Unsur – unsur Seni Pedalangan
Seni Karawitan
Seni karawitan dapat dinikmati dari lagu-lagunya yang etis dan estetis. Seni karawitan merupakan pengiring yang harmonis, laras dan anggun untuk lakon yang diperagakan ki dalang. Peranan gamelan sangat penting dalam pakeliran atau dalam pergelaran wayang. Karawitan iringan pedalangan sangat menunjang dalam pementasan terutama untuk membedakan dialog wayang. Hal tersebut karena keterbatasan ki dalang menirukan dialog serta cara berbicara tiap tokoh wayang yang bermacam-macam, dan juga terbatasnya wayang dalam akting atau sabetan serta terbatasnya adegan yang dibuat dalam pergelaran tersebut. Selain itu tuntutan berbagai macam suasana juga terdapat dalam iringan pakeliran tersebut.

Beberapa cara untuk menggambarkan suasana dari tiap adegan dalam pertunjukan wayang Kulit Purwa Jawa Tengah ialah pathet yang dibagi dalam tiga bagian, yaitu: pathet Nem (6) antara pukul 21.00 -24.00; pathet Sanga (9) antara pukul 00.00 - 03.00 dan pathet Manyura antara pukul 03.00 - 05.00. Bagaian awal merupakan pembukaan (netral), bagian tengah merupakan isi atau permasalahan,
dan bagian akhir merupakan penutup atau penyelesaian.

Pertunjukan wayang Kulit Purwa gaya Jawatimuran memiliki empat jenis pathet, yaitu: pathet Sepuluh (10) merupakan awal sebelum pertunjukan dimulai atau yang lazim disebut ayak talu atau ayak Sepuluh, yang digunakan hanya untuk gending-gending tertentu yaitu khusus ayak Talu dan Gedog Tamu, pathet Wolu antara pukul 21.00 - 24.00; pathet Sanga (9) antara pukul 00.00 - 03.00 dan pathet Serang antara pukul 03.00 - 05.00. Setiap pathet dalam pertunjukan wayang Kulit Purwa gaya Jawatimuran juga mempunyai makna tersendiri dan tidak jauh berbeda dengan wayang kulit gaya lainnya.

Pertunjukan wayang kulit Betawi hanya memiliki dua jenis pathet, di antaranya adalah pathet kenceng: dilakukan sebelum tengah malam, dan pathet kendor dilakukan menjelang akhir pertunjukan.

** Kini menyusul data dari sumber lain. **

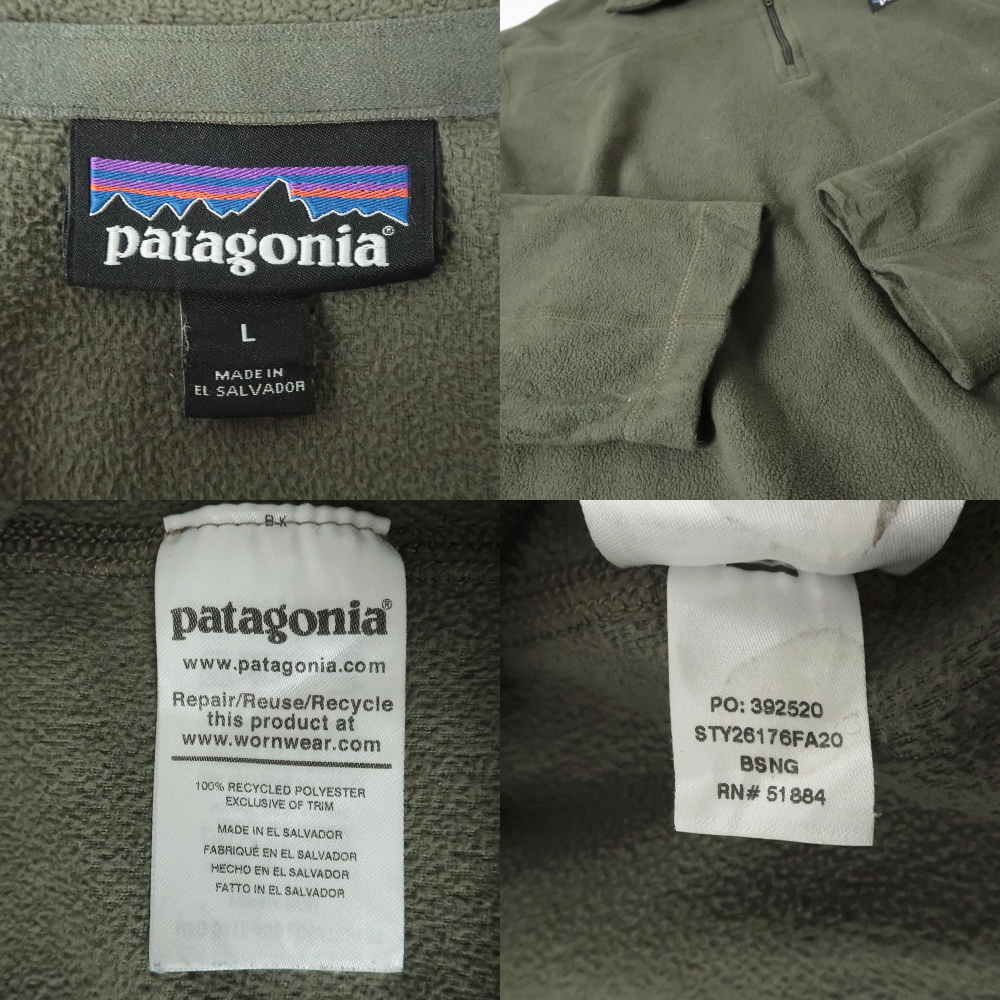 patagonia 1/4ZIP フリースジャケット プルオーバー ライトウェイトパイル オリーブ(L) FA20_画像3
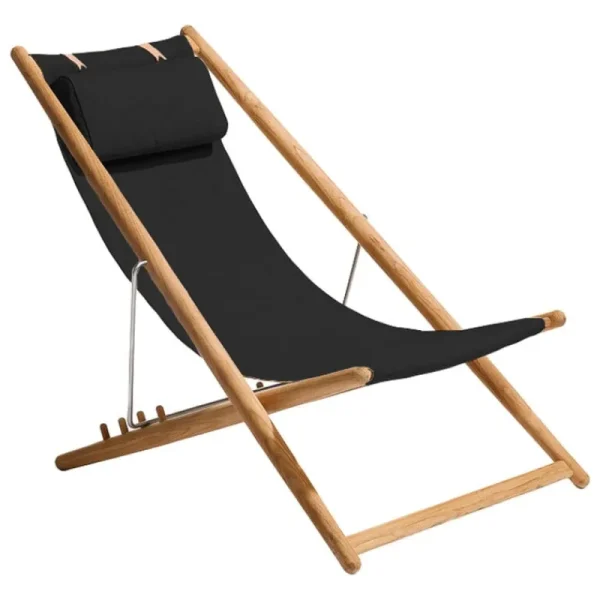 Skargaarden Terrassenmöbel^H55 easy chair, teak - black Agora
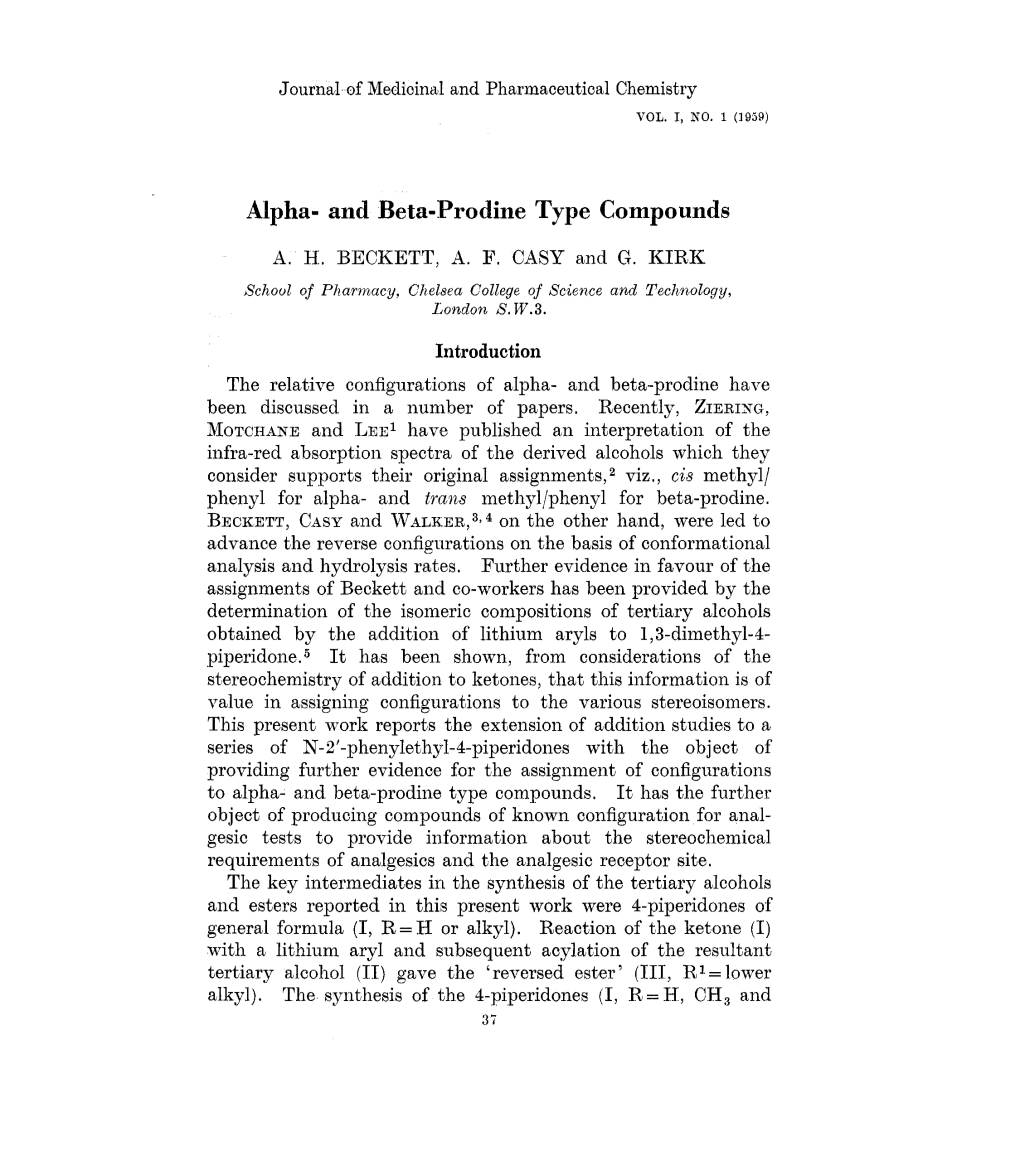 Alpha- and Beta-Prodine Type Compounds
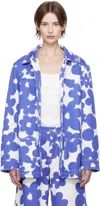Marni Floral-print Shirt Jacket In Dib26 Blue Lilac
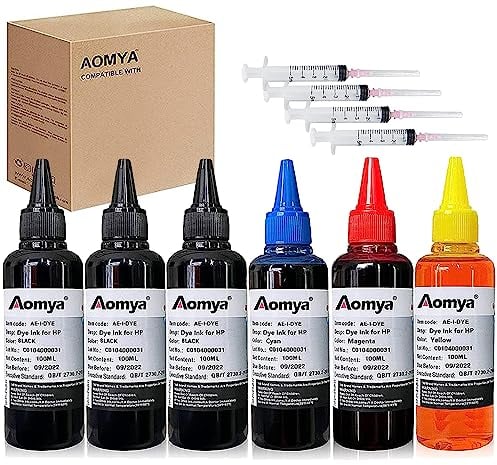 Ink Refill kit 6x100ml Compatible for HP 61 60 62 63 564 920 901 902 932 933 934 940 950 951 952 94 95 96 Printer Refillable Ink Cartridge CIS CISS System with 4 Free Syringes (3BK,C,M,Y)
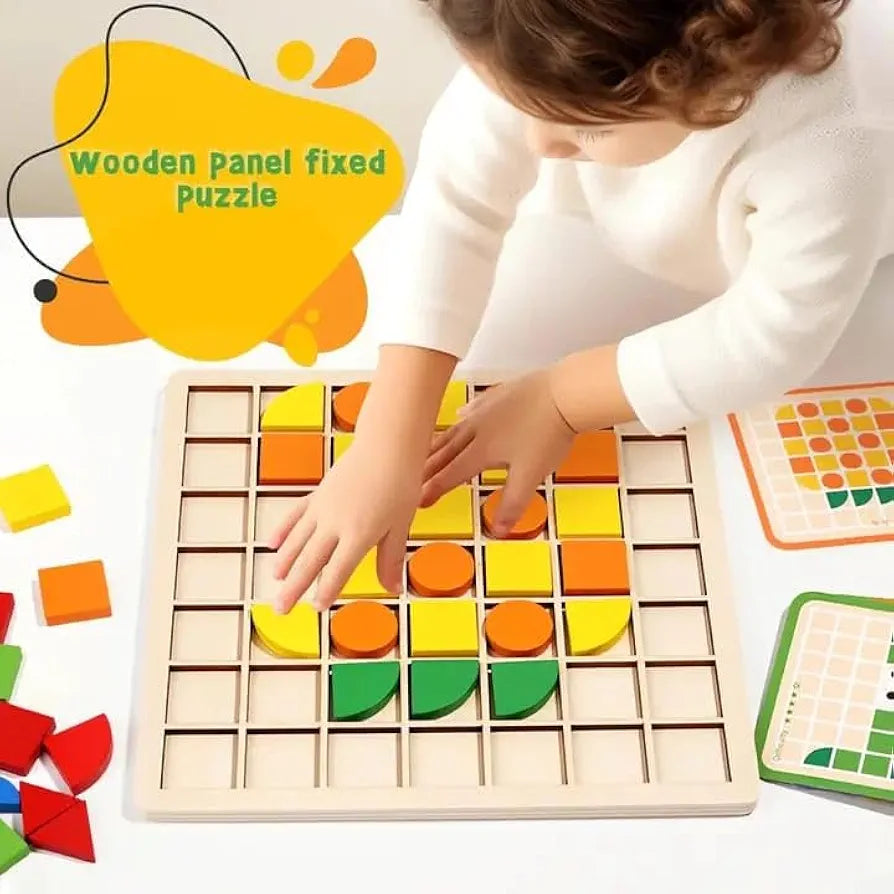 120 pieces Mosaic wooden Puzzle Blocks for Kids Learning and Brain Development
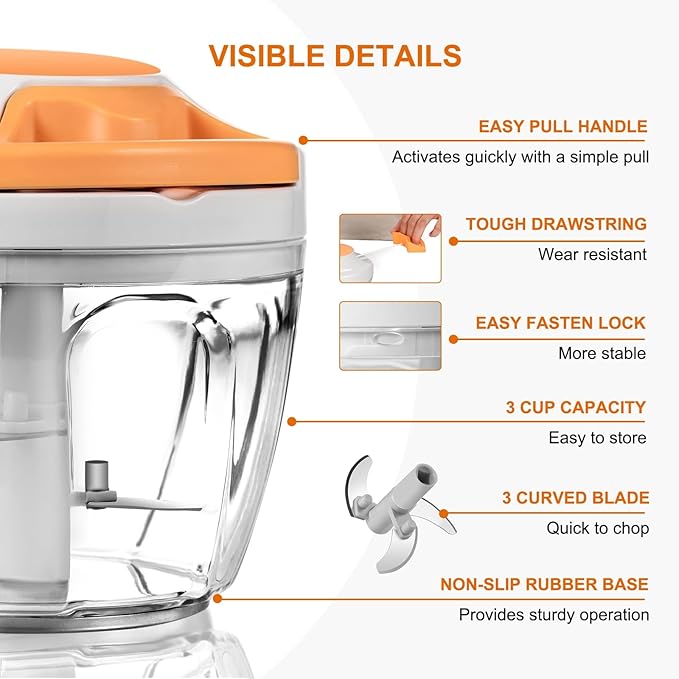 Manual Food Processor Vegetable Chopper (White, 650ML)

Cara lain untuk menggambarkan suasana adalah dengan sulukan, janturan dan pocapan, gending, dodogan, keprakan.

Sulukan adalah nyanyian yang dulakukan dalang untuk menunjukan suatu suasana tertentu. Yang termasuk dalam sulukan yaitu ada-ada, sendon, bendhengan, kombangan.

Janturan atau pocapan disebut juga narasi artinya adalah pengucapan cerita oleh ki dalang dengan suasana tertentu. Gending adalah deretan nada-nada yang sudah tersusun alur melodi musikalnya. Dodogan adalah suara ketukan pada kotak wayang. Sedangkan alat pemukul kotak wayang disebut cempala. Keprakan yaitu suara lempengan logam yang digantungkan pada kotak wayang di sisi kanan agak depan. Keprak dibunyikan dengan cara mendorong telapak kaki kanan sang dalang bagian depan.